Hello,
I have done this in a long time but is this right? I have a differential equation and I want to find the transfer function. Is that right?
Thanks,
r, m, and k are numbers.
Your ODE is:
$\displaystyle m\frac{d^2}{dt^2}x(t)+r\frac{d}{dt}x(t)+kx(t)=a_0\ cos(\omega t)$
This is of the form:
$\displaystyle m\frac{d^2}{dt^2}x(t)+r\frac{d}{dt}x(t)+kx(t)=y(t)$
Now take the Laplace Transform (and assume zero initial conditions):
$\displaystyle ms^2X(s)+rsX(s)+kX(s)=Y(s)$
So:
$\displaystyle X(s)=\frac{1}{ms^2+rs+k}Y(s)$
or:
$\displaystyle G(s)=\frac{1}{ms^2+rs+k}$
CB
Ok, I get that part. What happens when the initial condition isn't zero anymore? lets just say it is 1. Do i have to take the Laplace of (ao cos wt) = s / (s^2 + w^2), multiple it by the transfer function where it will equal to
s / (s^2 + w^2) * 1 / (k + r s + r s^2) ?

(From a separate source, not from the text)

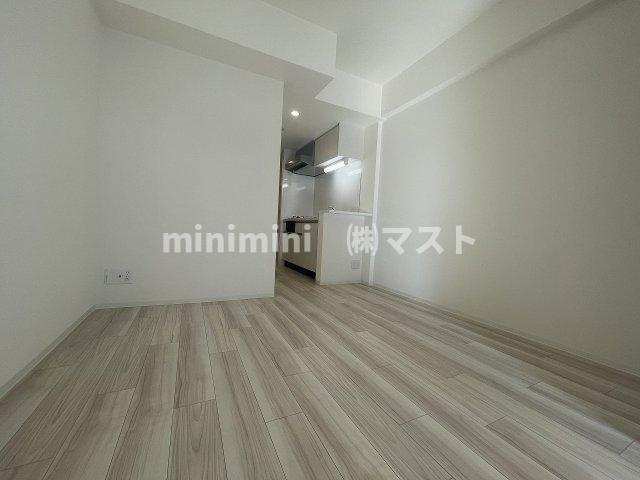 大阪市西区西本町２丁目の賃貸マンションの居間・リビング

or i still use the regular transfer function 1 / (k + r s + r s^2) and plug one into that?
Another question I have is, lets say I solve the second order differential equation and I come up with the general solution. If i take the Laplace transform of that is that similar to the transfer function? What is the differences?
Thanks,
The system you are deriving a transfer function for is like a black box and the transfer function relates the output to the input. When you plug the device in the initial conditions are all zero by definition.
No, you are doing something different from characterising the behaviour of a linear system to an arbitrary input.Another question I have is, lets say I solve the second order differential equation and I come up with the general solution. If i take the Laplace transform of that is that similar to the transfer function? What is the differences?
CB